1. Yesterday I heard a talk by Gunther Teubner. Teubner is the key person who writes about law and autopoiesis. Some key snippets from my perspective (paraphrasing mine):
We're always tempted to say that there are democratic deficits everywhere. We look for delegation and binding to political processes. But we've gradually exhausted our democratic imagination through all of these experiments. Maybe we should turn things around and look outwards at social institutions that are not necessarily democratic and yet are making great contributions to the world in their various sectors. . ..
By "self-regulation," I don't mean a closed field that doesn't look at the outside world. Regulation is only possible when external pressure persuades/moves a system to change its direction. Regulation only works with inclusion, so law does of course include political processes but re-understands and reconstructs them.
Teubner says that modernity is characterized by a lack of embeddedness/connection to particular nations or regimes. He's not particularly easy to understand -- this was a very dense talk -- but the links between what he says and the internet are fascinating.
It may be that we are at an interesting juncture in our history of explanations as to why some people get to tell other people what to do. Online, there is no sovereign to whom we owe allegiance; things are all very modern in Teubner's terms. But we still have regimes/systems online that have rules that we pay attention to because we've joined in. These non-state actors are often given deference in various ways, and could be said to have "constitutions." All in all, a thought-provoking time with Teubner.
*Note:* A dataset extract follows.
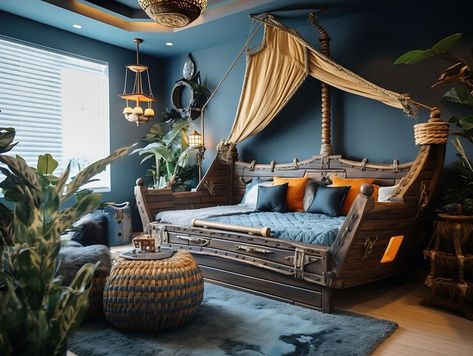 Premium Photo | Photo of Pirate Room Boys With Pirate Ship Bed Treasure Chest Pirate Content Creator Live Stream Prince Bedroom, Ship Bed, Pirate Ship Bed, Pirate Bedroom, Pirate Room, Room Boys, Interior Design Pictures, Popular Interior Design, Shared Room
2. When I was spending time on E911 last year I was very grateful for a 2003 paper [pdf] by Dale Hatfield that explained exactly why 911 was so hard for wireless carriers to implement. So I was troubled to read last week that the FCC had apparently squashed a 2006 report by Hatfield about more E911 implementation issues. Here's the squib:
Satellite-based emergency 911 technology often can't pinpoint the location of cellphone users dialing 911 from homes, offices, sports arenas and other indoor locations, a never-released report commissioned by the Federal Communications Commission concluded last year. More than 60% of wireless usage now takes place inside buildings. The report's author, Dale Hatfield, found that the rush to embrace wireless has only exacerbated the problem with the 911 service designed for mobile phones. So what happened? Hatfield's report says the public never heard about his concerns because the FCC decided to terminate the study a few days later. His report, details of which were presented to FCC staff, was never finished or released. He never presented the report directly to Chairman Kevin Martin or the other commissioners. "(The study) was terminated," says Hatfield, who performed the work on contract.. . . Hatfield says the unpublished report was supposed to be a follow-up to a 2003 report he did for the agency on the same subject.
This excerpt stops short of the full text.